### Work order
Restate the records below exactly. Pictures are not part of the copy.

(Records from a data source)
>>>
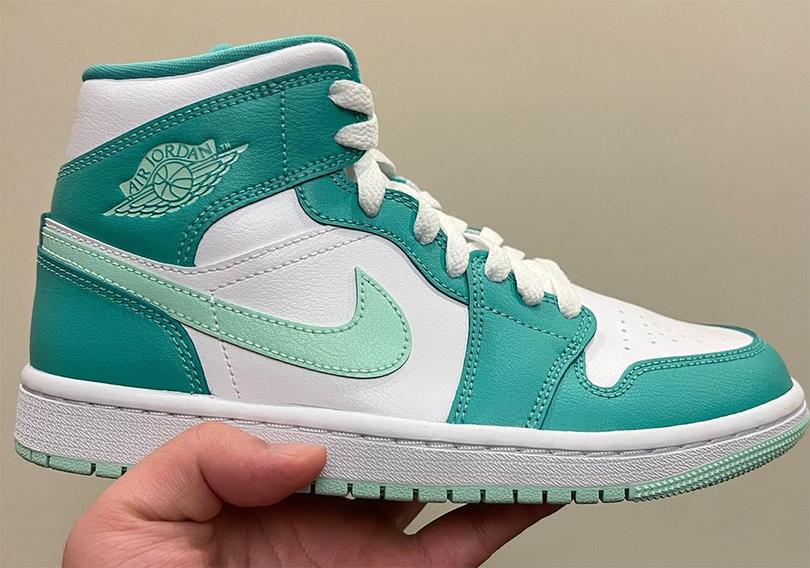 air-jordan-1-mid-womens-turquoise-mint-2022-6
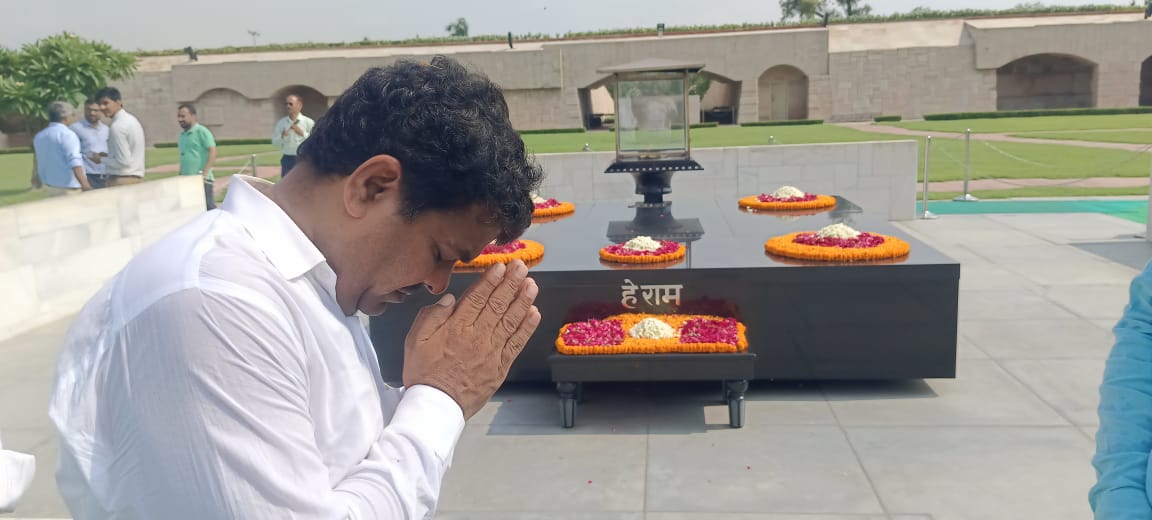 vijaykbandhu's tweet photo. आज दिल्ली में राजघाट पर जा करके राष्ट्रपिता महात्मा गांधी को नमन किया और संकल्प लिया। इस देश को जैसे अंग्रेजों से मुक्त कराया गया था उसी तरह से NPS और निजीकरण से इस देश को मुक्त कराया जायेगा।
#NPSनिजीकरणभारतछोड़ोयात्रा 
#vijaykumarbandhu 
#अटेवा 
#NMOPS https://t.co/V8Mo8r1zhX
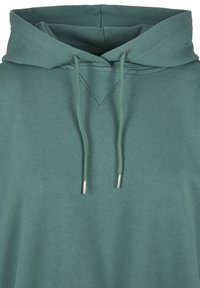 Hooded sweatshirt v teal zeleni, narejen iz mehkega blaga. Ima trikotnikast izrez, nastavljive vrvice in srebrne konice.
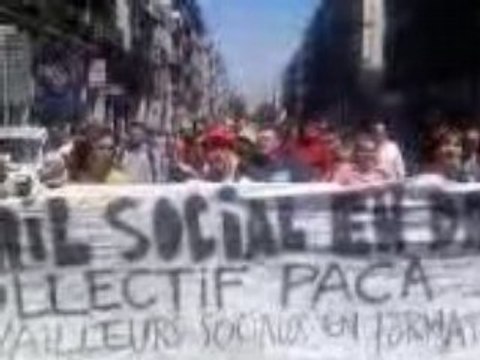 Manif des travailleurs sociaux en formation à Marseille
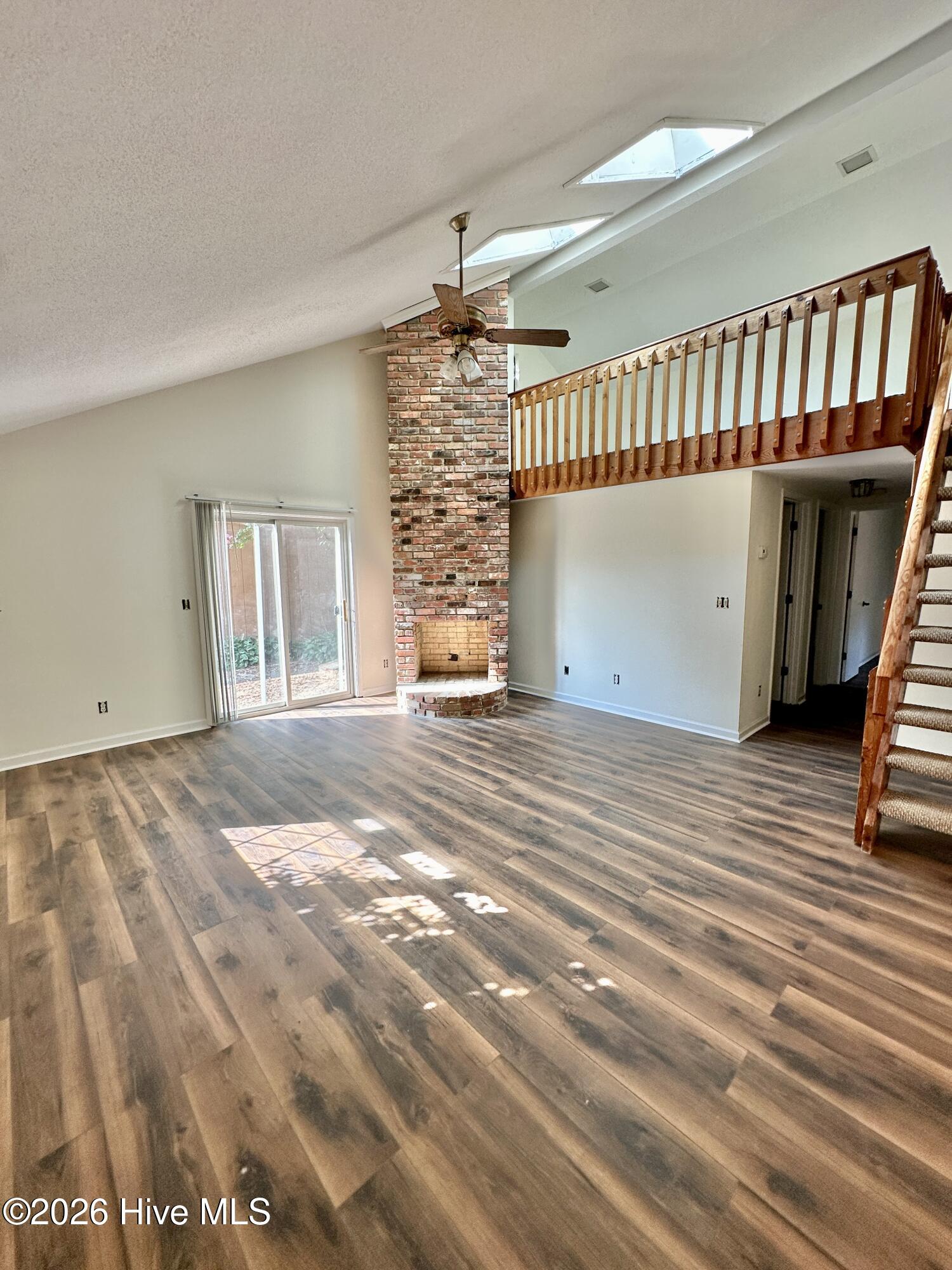 200 Rollins Drive 45 Property Photo 2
<<<
### Solution
 air-jordan-1-mid-womens-turquoise-mint-2022-6
 vijaykbandhu's tweet photo. आज दिल्ली में राजघाट पर जा करके राष्ट्रपिता महात्मा गांधी को नमन किया और संकल्प लिया। इस देश को जैसे अंग्रेजों से मुक्त कराया गया था उसी तरह से NPS और निजीकरण से इस देश को मुक्त कराया जायेगा।
#NPSनिजीकरणभारतछोड़ोयात्रा 
#vijaykumarbandhu 
#अटेवा 
#NMOPS https://t.co/V8Mo8r1zhX
 Hooded sweatshirt v teal zeleni, narejen iz mehkega blaga. Ima trikotnikast izrez, nastavljive vrvice in srebrne konice.
 Manif des travailleurs sociaux en formation à Marseille
 200 Rollins Drive 45 Property Photo 2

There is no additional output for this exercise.